The entries below contain a line with "Gustav Borgen, NFB.30395" and a line with "章子怡带娃出街，4岁儿子正脸照曝光：这不是汪峰本峰吗？". Quote exactly those two lines and all lines between them.

Material provided.
<<<<

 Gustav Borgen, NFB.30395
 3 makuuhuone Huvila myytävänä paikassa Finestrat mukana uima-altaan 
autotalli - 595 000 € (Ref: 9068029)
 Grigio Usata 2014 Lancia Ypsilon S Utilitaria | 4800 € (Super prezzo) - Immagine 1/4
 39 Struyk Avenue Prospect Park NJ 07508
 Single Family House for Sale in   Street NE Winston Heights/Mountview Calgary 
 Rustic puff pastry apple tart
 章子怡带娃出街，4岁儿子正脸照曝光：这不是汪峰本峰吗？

>>>>
<<<<

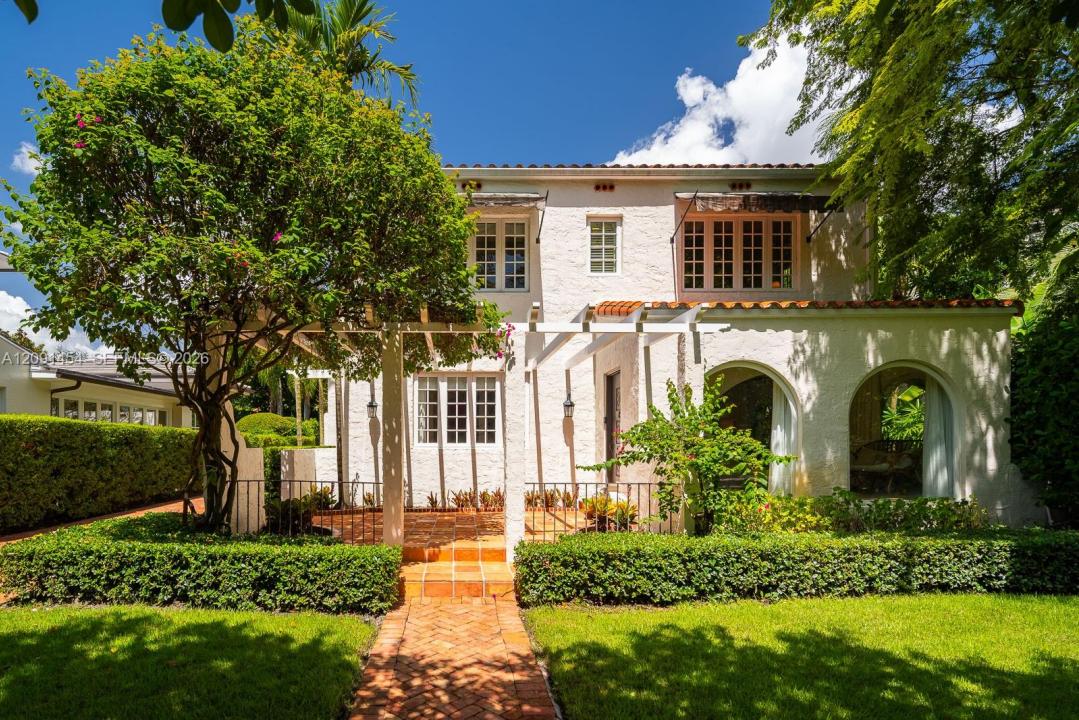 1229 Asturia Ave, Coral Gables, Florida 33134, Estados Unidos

>>>>
<<<<

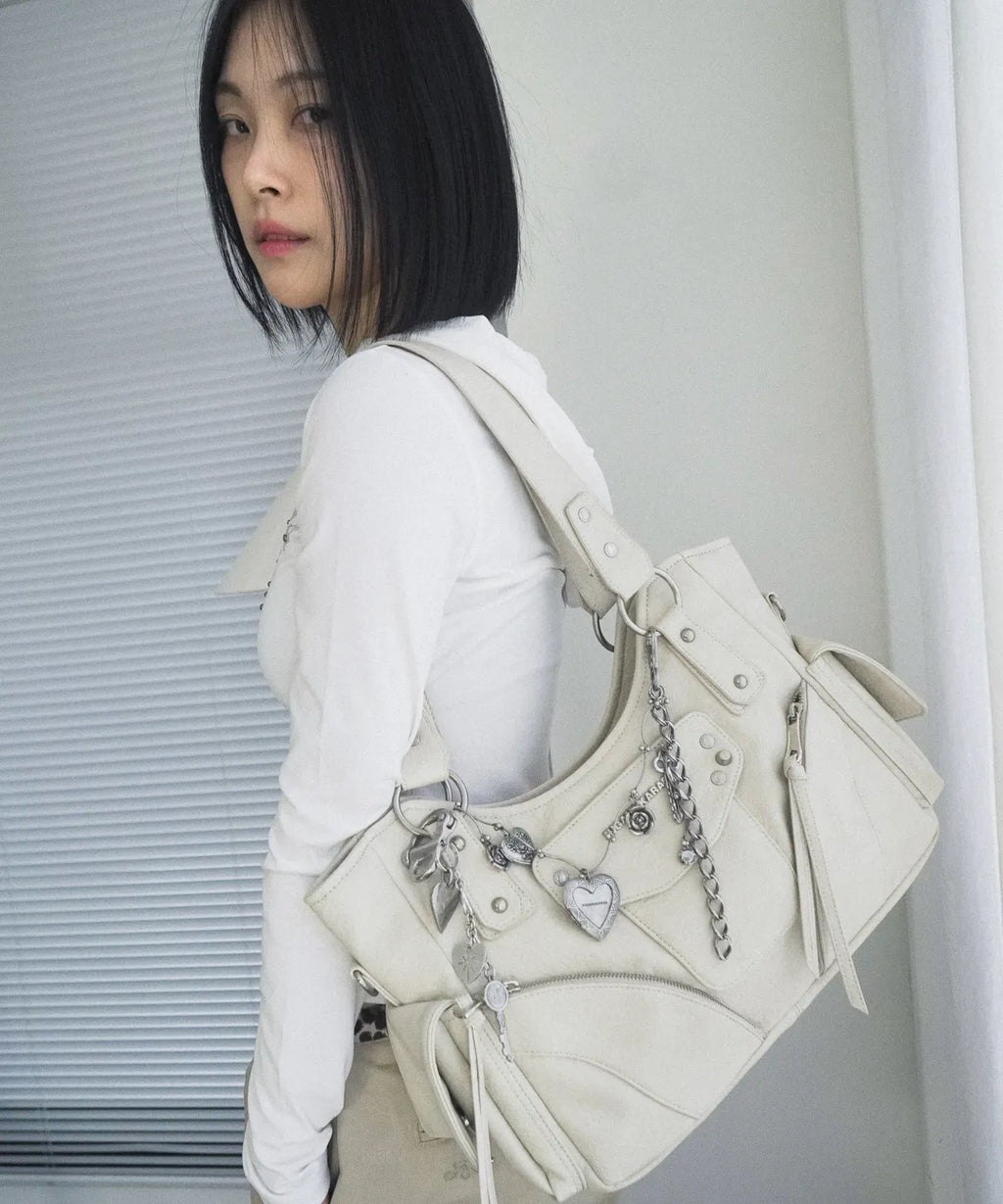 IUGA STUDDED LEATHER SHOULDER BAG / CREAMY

>>>>

Result below.
 Gustav Borgen, NFB.30395
 3 makuuhuone Huvila myytävänä paikassa Finestrat mukana uima-altaan 
autotalli - 595 000 € (Ref: 9068029)
 Grigio Usata 2014 Lancia Ypsilon S Utilitaria | 4800 € (Super prezzo) - Immagine 1/4
 39 Struyk Avenue Prospect Park NJ 07508
 Single Family House for Sale in   Street NE Winston Heights/Mountview Calgary 
 Rustic puff pastry apple tart
 章子怡带娃出街，4岁儿子正脸照曝光：这不是汪峰本峰吗？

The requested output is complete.